There is a world of difference between sleepily recorded routine data, and that collected in the urgency of a full blown pandemic. There is no reason not to suppose that the recent historical routine data from England, the beige lines, have not suffered a throttling similar to that seen in the American flu surveillance system data. Recall, no test means no lab confirmed case means no show in the PHE surveillance data, and so no show in the beige lines in the chart. If — Dr No accepts it is if — similar throttling of flu testing happened here over the last decade, causing significant under-reporting, then we need to give those beige lines a big kick up the backside, a kick almost certainly large enough to put them on a par with, if not above, perhaps significantly above, current covid levels.

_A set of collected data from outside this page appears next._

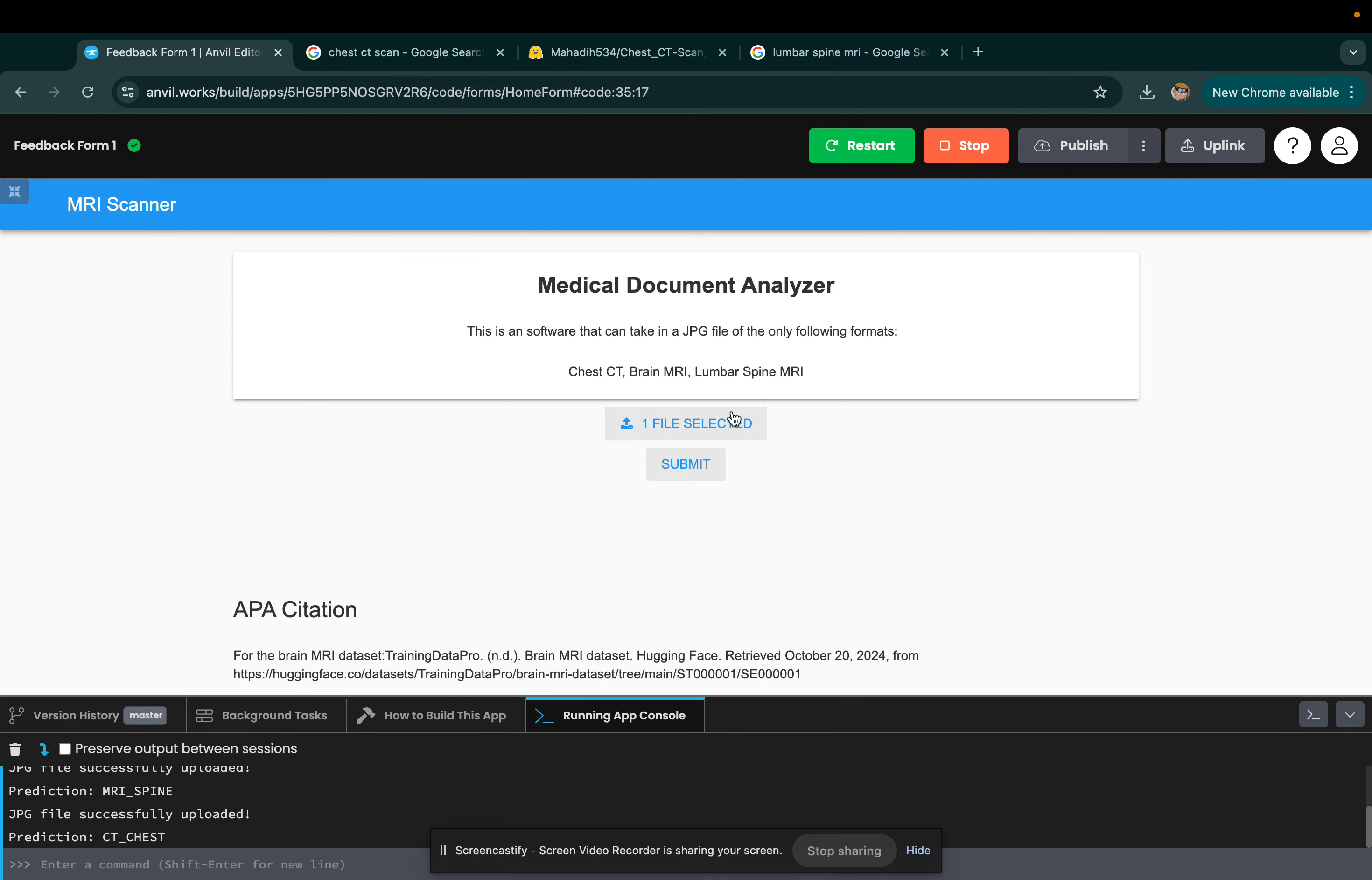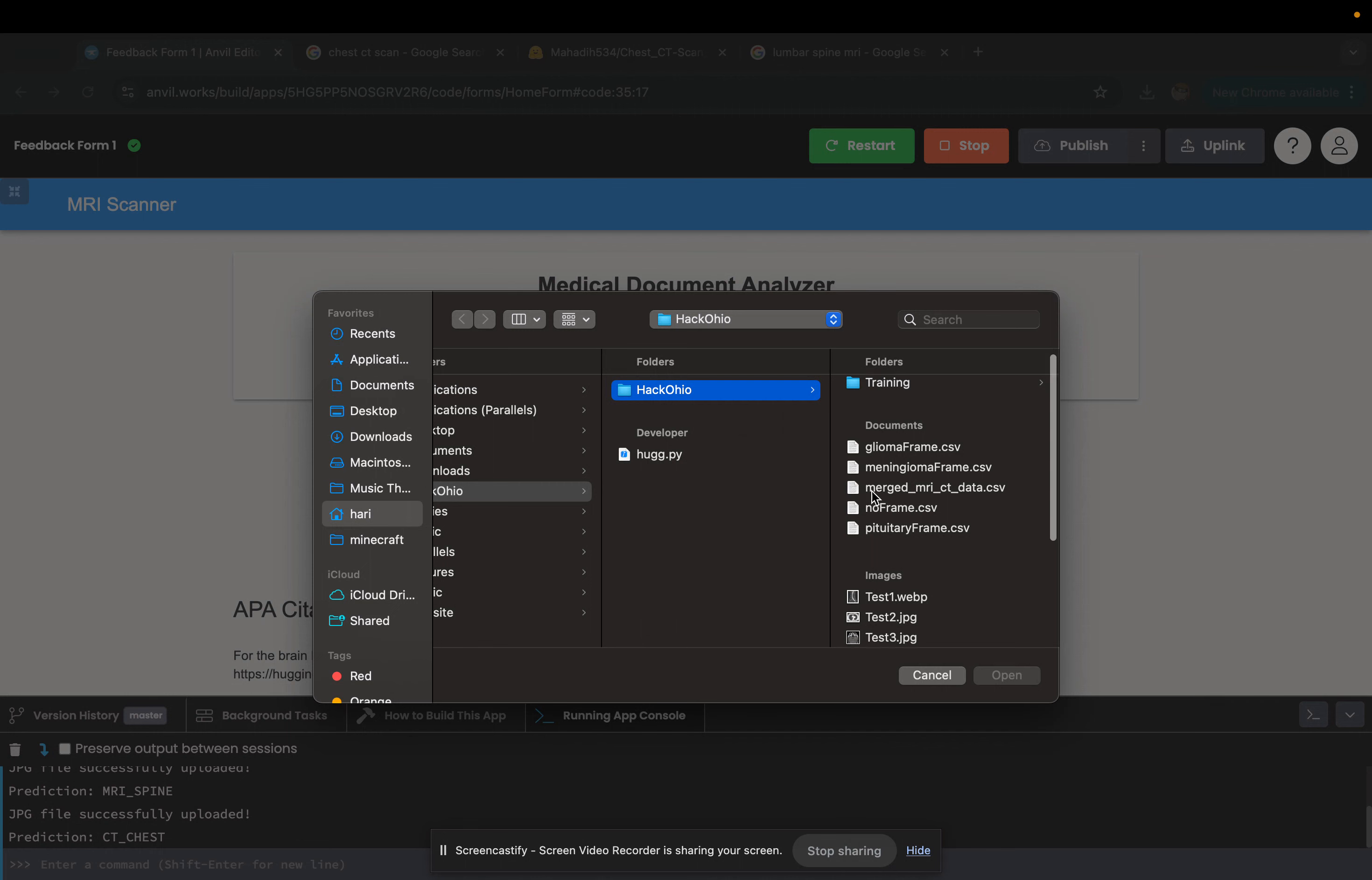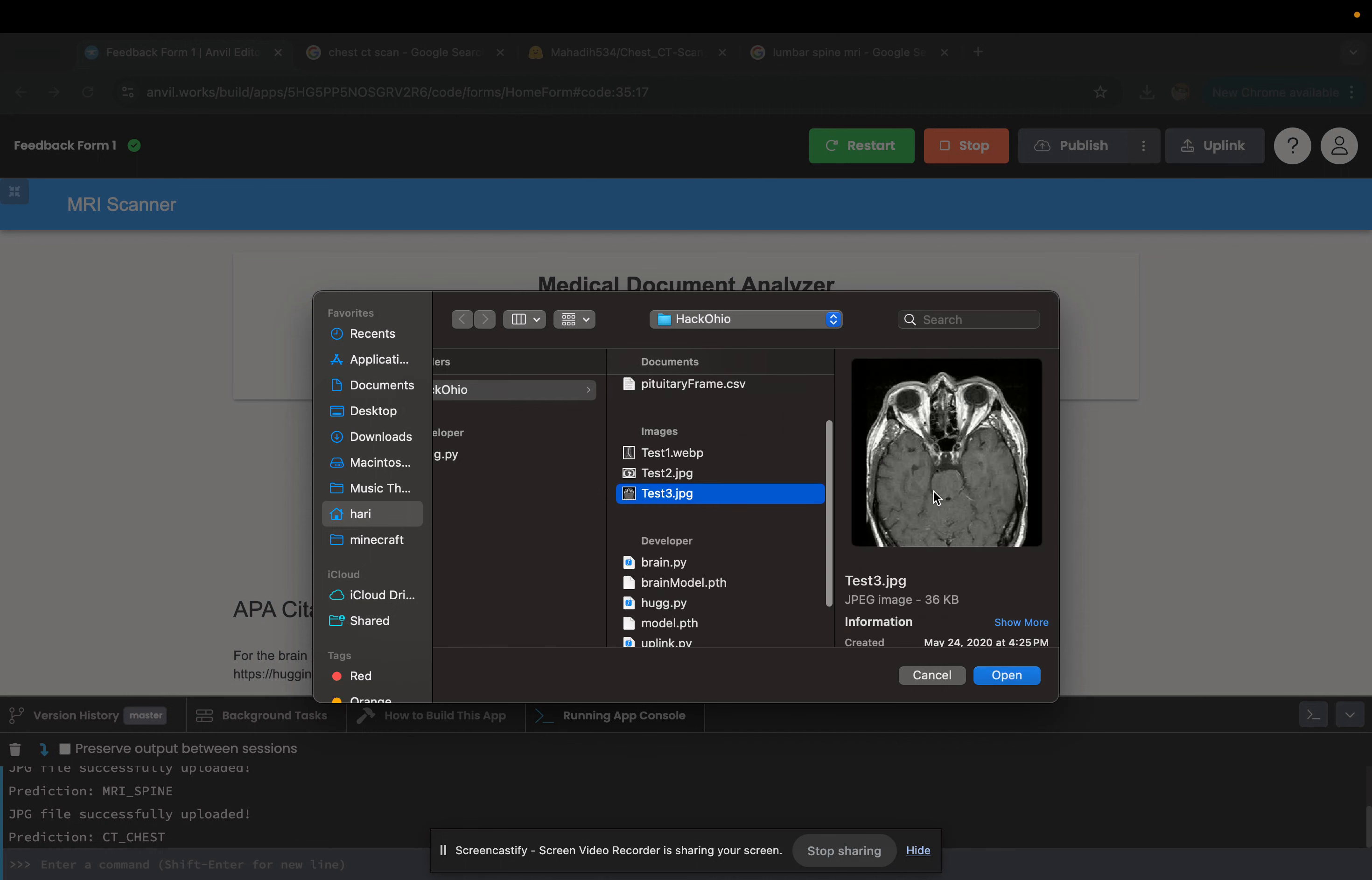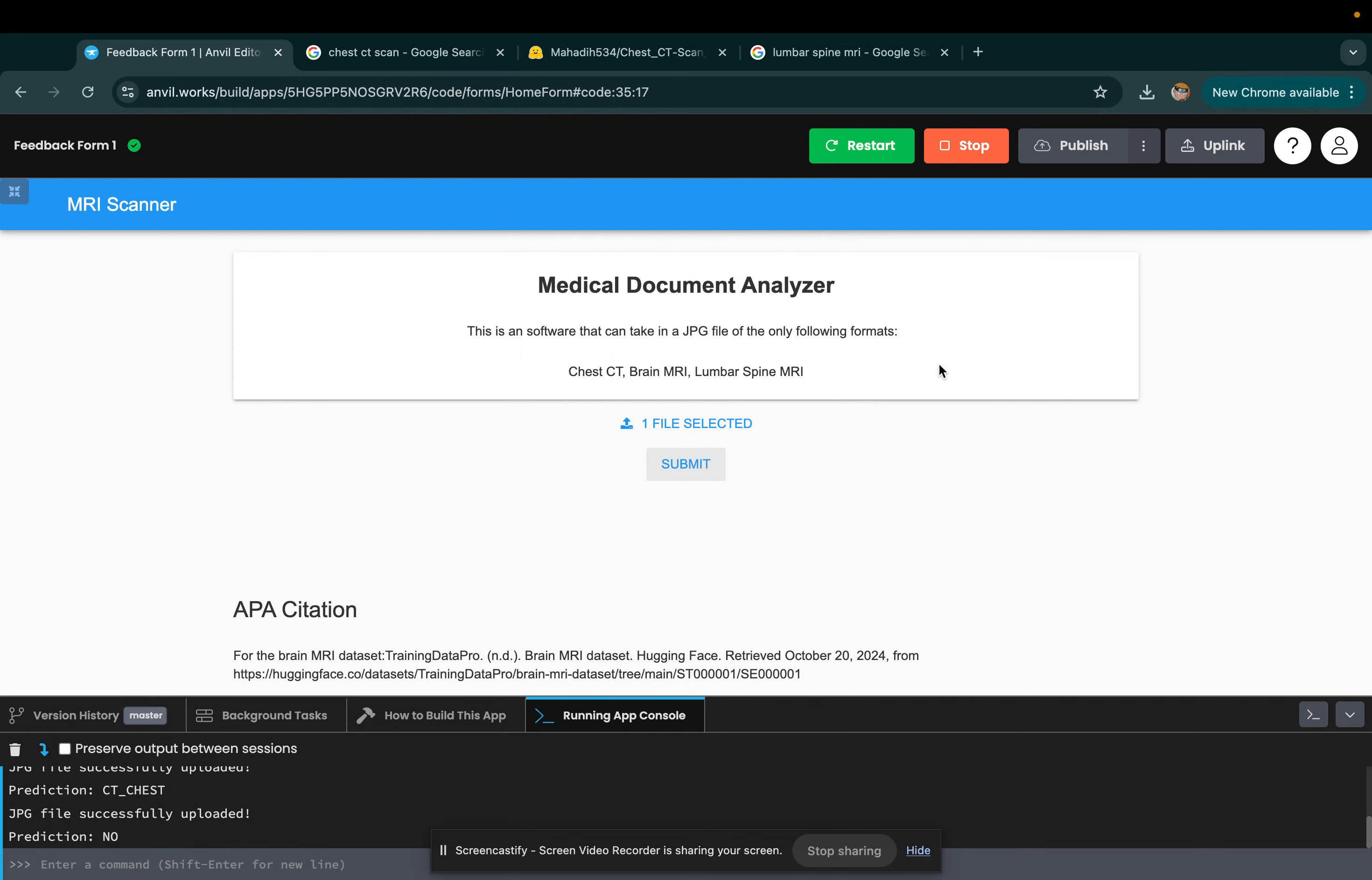We have a chest CT here, but that's not all. We can also diagnose brain cancers. This is a perfectly healthy brain right here. As you can see, we can open it into the application and we submit it, and no cancer at all, completely healthy.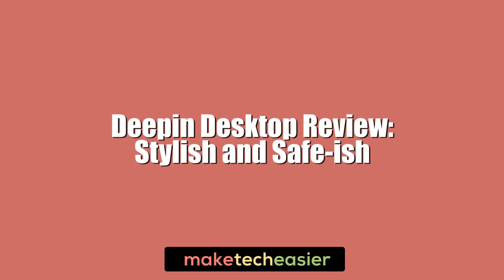Hi this is Phil from Make Tech Easier and this is the Deepin desktop environment review.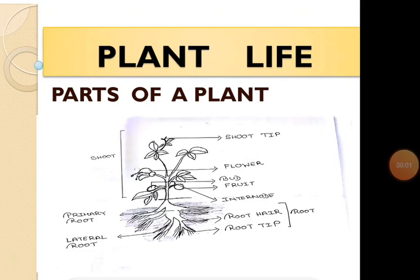Hello students, today we will be discussing about plant life.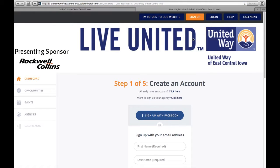It will then prompt you to either choose to sign in with Facebook or with an email address.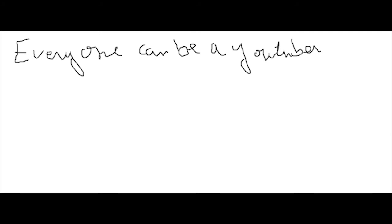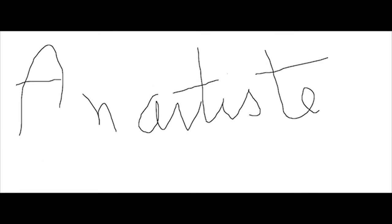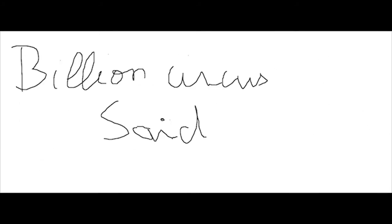Everyone can be a YouTuber, but no one can be an artist. Said by BillionCircus.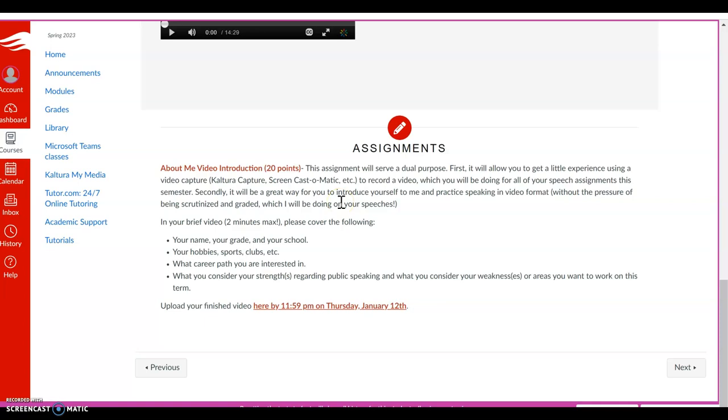Below that is the first assignment that is due this week that is located on that course agenda. It's your About Me video introduction, which is due on Thursday, I believe, Thursday of this week. And then your impromptu speech will be due Friday of this first week as well. So the instructions for that assignment are there. If you have any questions, don't hesitate to reach out. I'm looking forward to a great term with you guys in EH-141.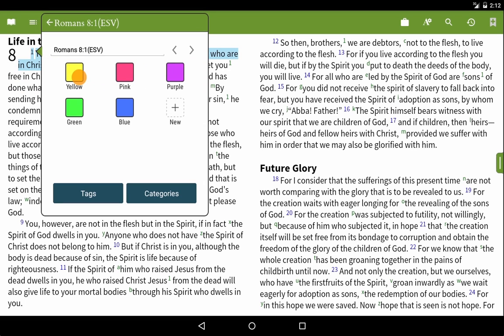This screen allows you to highlight multiple verses, rename the highlight, choose a highlight color, add tags to the highlight, and place the highlight in a category.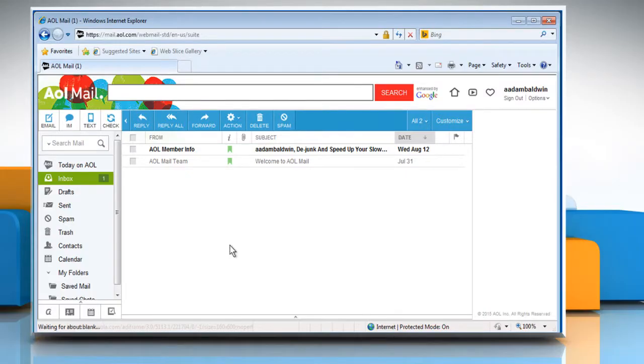Hi friends! Are you getting a blank screen when trying to access your AOL mail account? Let's go ahead and see how you can resolve the issue.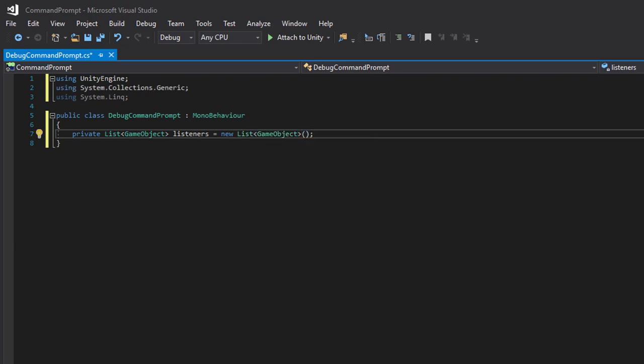So when we receive a message we will go through our listeners and find the object with the corresponding name and send our message to that object.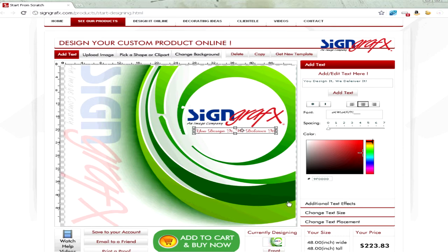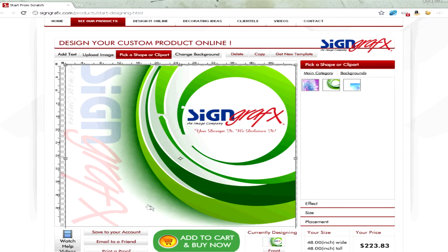And there you have it. Think of what you can do with a little bit more time in our 100% Online Designer.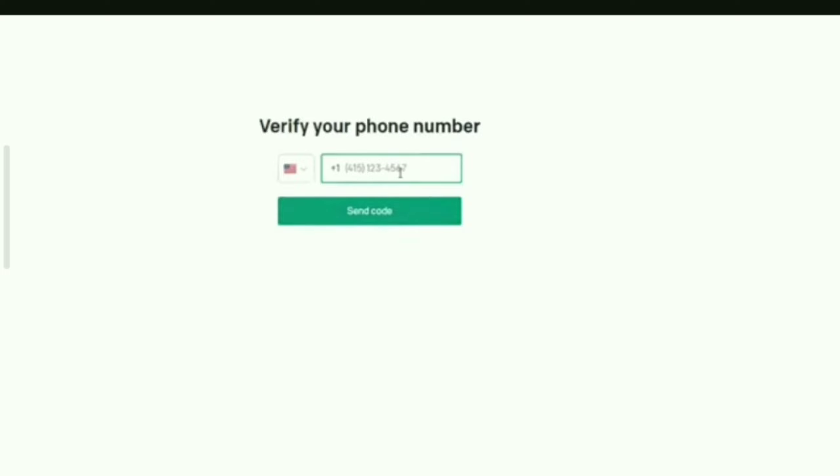Next, you need to verify your phone number. Enter your phone number and click Send Code.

*Edit 08:40 11th Jan 2021: Dr No has now had an answer to an informal enquiry, and turns out that, at least in one trust, all admissions with suspected flu are tested. This clearly weakens his argument, but does not rule it out, since it doesn’t rule out the hot stuff bias/diagnostic drift elements of the argument, ie everyone gets tested for covid in a climate of heightened covid awareness vs sleepy normal routine surveillance. Those who know how medicine works on the ground will Dr No is sure concur — as Shawn does in the comments — that idealised policy on paperwork and reporting rarely translates into actual practice. And then there is that American paper, and that distant hint in a British paper: “[USISS] data are available by age group and influenza type/subtype. However, when stratified by both, as well as week, many zero counts are observed.”